Mereka telah melakukan demonstrasi selama puluhan tahun,mulai dari mogok makan hingga aksi duduk. Saat ini mereka sedang melakukan demonstrasi berbahaya yang dikenal dengan Jal Satyagraha atau perjuangan dalam air. Mereka duduk dalam genangan air setinggi bahu.
“Orang-orang di lembah Narmada menolak untuk pergi tanpa kompensasi penuh dan pemukiman kembali. Mereka sudah bertekad akan menghadapi banjir tapi tidak akan menyerah. Mereka akan melakukan Jal Satyagraha atau perjuangan dalam air dan memperjuangkan kebenaran. Kami menginginkan pembangunan bukan kehancuran. Kami akan berjuang dan menang,” tekad Patkar
Sebagian besar yang terdampak oleh bendungan ini adalah petani dan Adivasi atau masyarakat adat.
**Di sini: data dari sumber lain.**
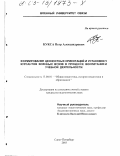 Кукса, Петр Александрович. Формирование ценностных ориентаций и установок у курсантов военных вузов в процессе воспитания и учебной деятельности: дис. кандидат педагогических наук: 13.00.01 - Общая педагогика, история педагогики и образования. Санкт-Петербург. 2003. 241 с.
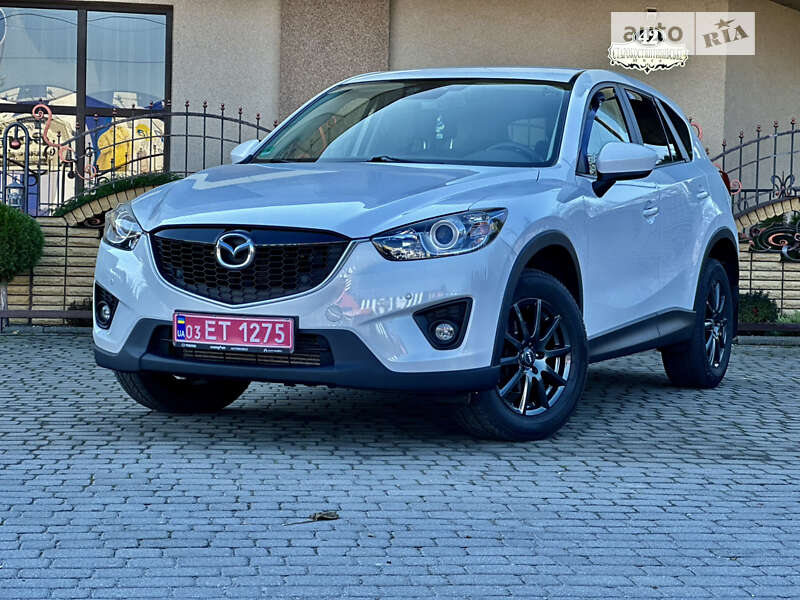 Внедорожник / Кроссовер Mazda CX-5 2013 в Шепетовке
Mereka diminta mengosongkan rumah dan pindah ke tempat penampungan sementara yang disediakan oleh pemerintah negara bagian. Tapi mereka menolak untuk meninggalkan tanah, mata pencaharian dan rumah mereka.
Chandra Shekhar adalah salah satu dari yang tetap tinggal meski desanya Sudol mulai tenggelam.
“Kami kehilangan tanah dan mata pencaharian dan tidak mendapat kompensasi yang memadai. Tempat penampungan itu tidak punya fasilitas dasar. Kami harus mengeluarkan uang sekitar dua ratus juta rupiah untuk membangun rumah. Tapi kompensasi yang diberikan tidak setara. Kami hanya mau pindah ke tempat yang punya fasilitas dan sumber penghidupan,” tutur Shekhar.
Seiring bendungan perlahan terisi, penduduk desa masih menunggu kompensasi yang dijanjikan dan tawaran pemukiman kembali.